(What is expected): Retype nothing except the lines below from the one with "Toyota Avensis 2003-2008" through the one with "Beste Freunde Ladybugs", exactly, with images left out.

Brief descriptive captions
■ ■ ■ ■ ■ ■ ■
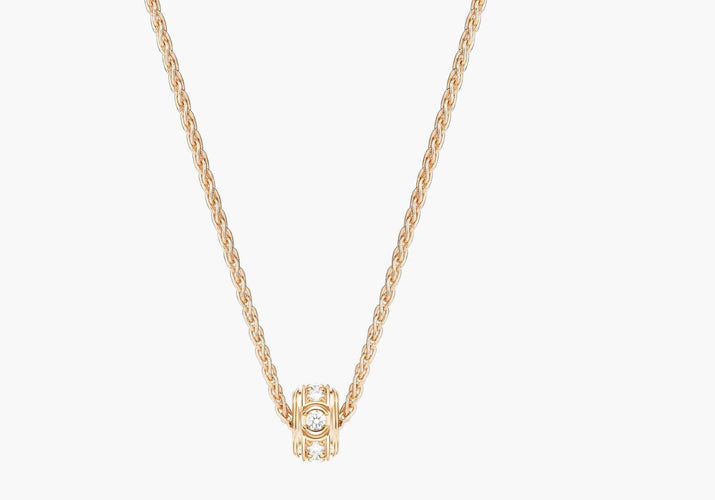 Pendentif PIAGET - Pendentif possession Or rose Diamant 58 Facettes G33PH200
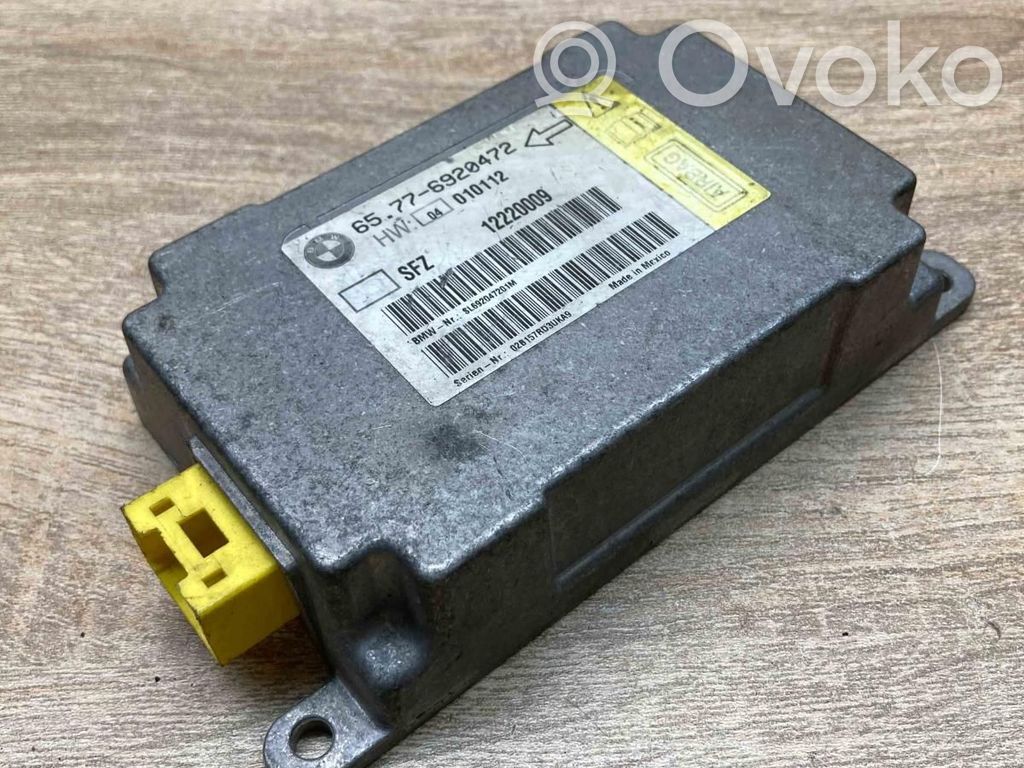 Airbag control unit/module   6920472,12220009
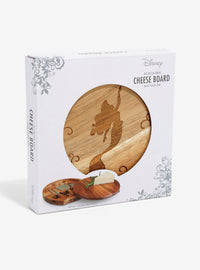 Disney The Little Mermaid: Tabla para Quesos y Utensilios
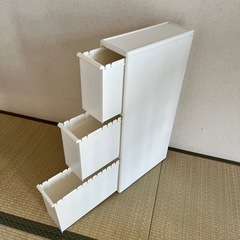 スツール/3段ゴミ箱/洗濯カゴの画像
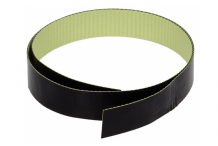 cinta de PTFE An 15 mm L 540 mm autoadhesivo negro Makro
■ ■ ■ ■ ■ ■ ■
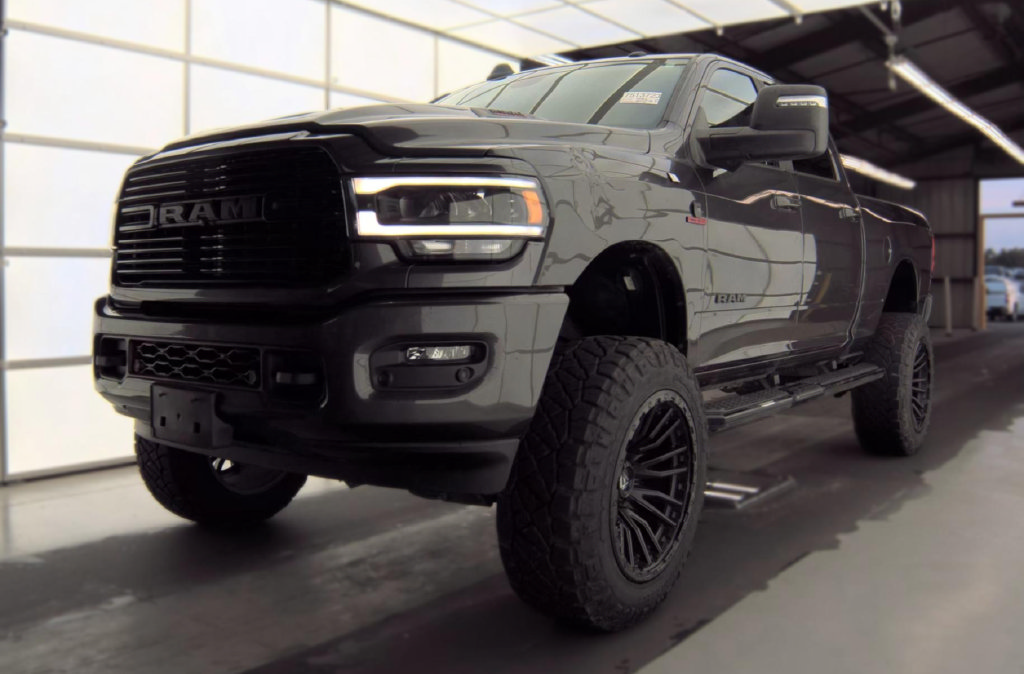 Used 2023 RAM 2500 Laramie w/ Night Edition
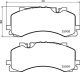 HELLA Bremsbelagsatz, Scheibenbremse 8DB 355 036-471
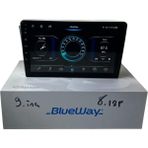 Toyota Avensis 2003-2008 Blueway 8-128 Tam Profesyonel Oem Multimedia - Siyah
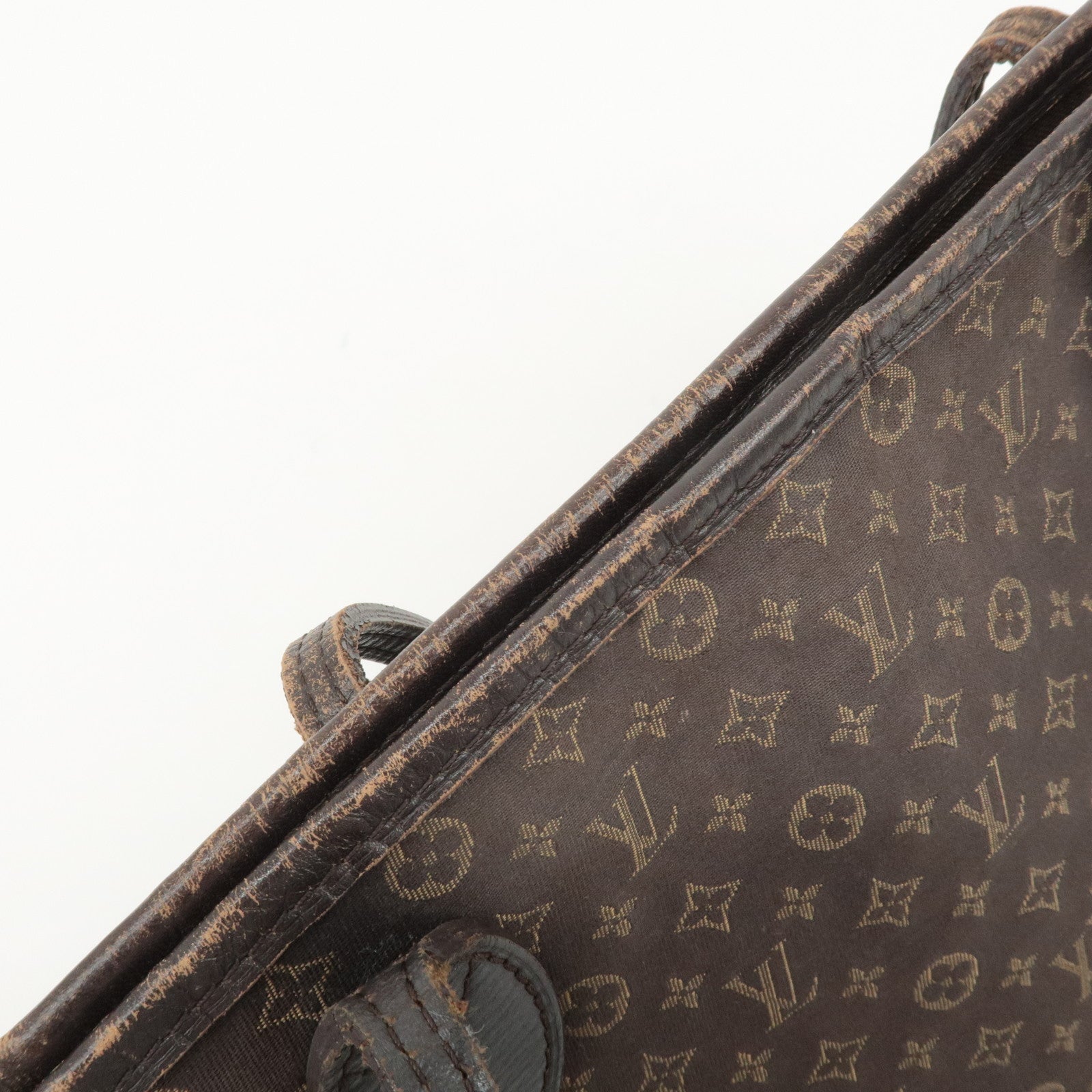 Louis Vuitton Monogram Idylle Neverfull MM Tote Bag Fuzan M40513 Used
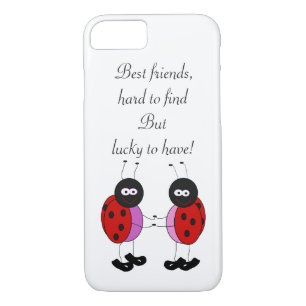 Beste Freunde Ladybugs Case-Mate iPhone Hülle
■ ■ ■ ■ ■ ■ ■
(Final answer):
 Toyota Avensis 2003-2008 Blueway 8-128 Tam Profesyonel Oem Multimedia - Siyah
 Louis Vuitton Monogram Idylle Neverfull MM Tote Bag Fuzan M40513 Used
 Beste Freunde Ladybugs Case-Mate iPhone Hülle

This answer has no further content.